Muhammed Majeed, Ph.D.,
 
Sabinsa Corporation
New Jersey, U.S.A.
 
 
Paper presented at the 36th National Pharmacy Week Celebration under the auspices of Indian Pharmaceutical Forum,
U.A.E.
1997
 

 
Introduction
 

Epidemiological data has unequivocally demonstrated that a diet rich in plant-based foods is closely linked with lower incidence of many of the major diseases that are so prevalent in today’s Western population. Although several classes of bioactive non-nutrients with weak estrogenic activity are considered to potentially play a role in disease prevention, much of the current interest has focused on a group of compounds belonging to the isoflavone class1. While isoflavones are widely distributed in the plant kingdom, the concentrations of these compounds are relatively high in legumes and in particular in the soybean2. The principal isoflavones present in soybeans and soyfoods are genistein, daidzein and glycitein and, for the most part, these aglycones usually exist in soy as various forms of glycosidic conjugates1, i.e., genistin, daidzin and glycitin.

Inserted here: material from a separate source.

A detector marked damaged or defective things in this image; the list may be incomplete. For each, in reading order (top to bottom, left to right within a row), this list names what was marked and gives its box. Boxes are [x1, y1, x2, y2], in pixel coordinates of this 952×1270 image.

There has been a veritable explosion of interest in genistein (4¢ ,5,7-trihydroxyisoflavone3) in the last ten years. Numerous studies have focused on the mechanisms by which genistein functions as an anticarcinogen. In addition, genistein may have a role to play in the prevention of osteoporosis and cardiovascular disorders - conditions which frequently accompany menopause in women.
 
   
 
Biological Properties of Genistein
 
1. Genistein and Cancer.  
 

Epidemiological evidence suggests that the low incidence of breast cancer in oriental women is related to the consumption of a flavonoid-rich diet4. Additionally, pre-clinical and clinical studies provide substantial evidence that genistein may function as an effective anti-carcinogenic agent. There are several mechanisms by which genistein is thought to exert its anti-carcinogenic properties.

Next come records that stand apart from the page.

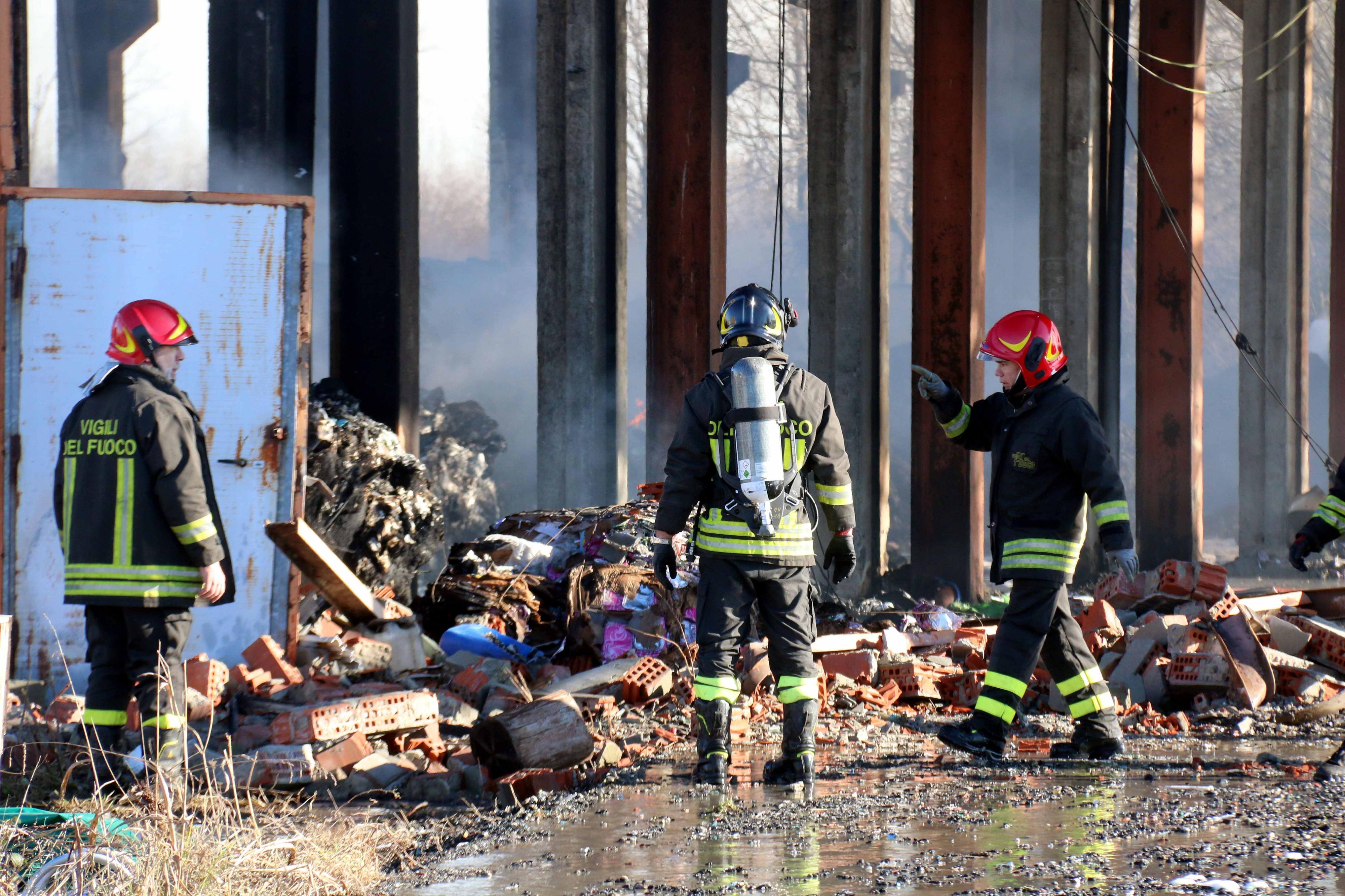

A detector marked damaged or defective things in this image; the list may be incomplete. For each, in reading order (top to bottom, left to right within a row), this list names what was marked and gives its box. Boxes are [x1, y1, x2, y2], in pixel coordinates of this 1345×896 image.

charred metal beam [57, 0, 156, 188]
rusty door frame [1, 188, 315, 648]
charred metal beam [207, 0, 317, 195]
broken hollow brick [243, 635, 307, 683]
charred metal beam [325, 0, 414, 446]
charred cardboard bale [303, 374, 444, 597]
charred cardboard bale [420, 390, 506, 541]
charred metal beam [533, 0, 627, 506]
charred metal beam [643, 0, 721, 484]
charred metal beam [909, 2, 985, 600]
charred metal beam [1135, 0, 1210, 565]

1(a). Estrogenic/antiestrogenic activity:
Genistein has been shown to exhibit anti-estrogenic5 as well as estrogenic6 activity and both mechanisms could contribute to the protective effect of genistein in the development of breast cancer. A decrease in estrogen receptor number, as induced by the anti-estrogenic effect of genistein would lead to a decreased responsiveness to endogenous estrogens5, thereby playing a role in breast cancer prevention. The direct estrogenic activity of genistein resulted in a more differentiated, mature mammary gland7 consequently leading to greater protection against chemically induced mammary tumors8,9.

Isoflavones may help to prevent breast cancer by virtue of their intrinsic estrogenic activity - when ingested they may serve to downregulate the hypothalamus and pituitary and thereby reduce the ovarian synthesis of estrogens6. In pre-menopausal women, an isoflavone rich diet (45 mg/day for one month) was potentially beneficial in the prevention of breast cancer because it increased the length of the follicular phase and delayed menstruation10. Another clinical study showed that one month of soymilk ingestion (100mg genistein/day and 100mg daidzein/day) reduced the levels of 17b-estradiol and progesterone in six healthy premenopausal females6. Lower levels of ovarian hormones decrease the risk of breast cancer11.

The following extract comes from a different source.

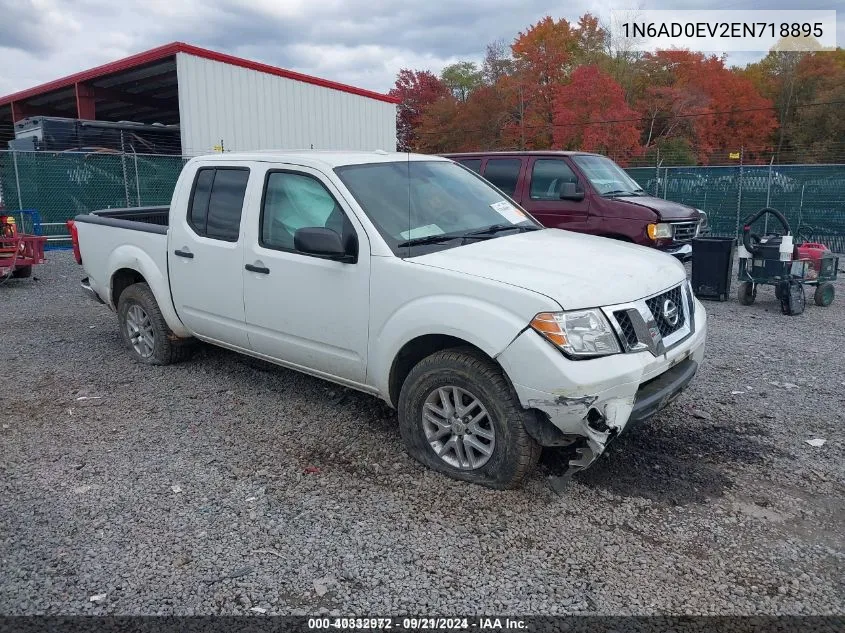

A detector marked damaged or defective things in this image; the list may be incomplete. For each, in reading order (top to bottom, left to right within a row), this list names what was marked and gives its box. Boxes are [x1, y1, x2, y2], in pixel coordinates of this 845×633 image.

1(b). Antioxidant Effects:
Genistein’s ability to function as an antioxidant may also be responsible for the anticarcinogenic effect of this isoflavone. Genistein has been shown to be a more potent antioxidant than other isoflavones and is also capable of inhibiting free radical oxygen species (O2.-) generation by xanthine oxidase. Reactive oxygen species are known to play an important role in mutagenesis and carcinogenesis12.

1(c). Inhibition of Tyrosine Kinase and Topoisomerase II Activity:
Tyrosine kinases and receptor tyrosine kinases are critical components of the biological control networks that govern cellular growth and differentiation13. Enhanced activity of tyrosine kinases has been implicated in many cancers14. In vitro trials have consistently shown that genistein is capable of inhibiting the activity of tyrosine kinase15-18. This further implicates the use of genistein as an anti-carcinogen since tyrosine kinase-specific inhibitors may be potentially employed as anti-cancer agents15.

Some of the most potent anti-tumor agents currently used in cancer chemotherapy inhibit DNA Topoisomerase (Topo) I or II. These enzymes are involved in the processes of DNA replication, transcription and recombination and play a key role during cell proliferation and differentiation19. A number of in vitro studies have demonstrated that genistein is capable of inhibiting TopoII20-22.

1(d). Induction of Apoptosis and Differentiation of Tumor Cells:
Apoptosis (programmed cell death) is a significant event in the physiological and pathological situations that control the development, differentiation and regression of tumor cells. On the basis of in vitro results, it has been proposed that genistein antagonizes tumor cell growth through both cell cycle arrest and induction of apoptosis23.

Most normal tissues are differentiated; that is, they have developed a specialized function and appearance. One of the major strategies currently being used in the fight against cancer is the use of noncytotoxic concentrations of agents that promote terminal differentiation (and hence inhibit proliferation) of human tumor cells24. In vitro studies have shown that genistein is capable of inducing differentiation of both human and animal cancer cells21, 24, 25.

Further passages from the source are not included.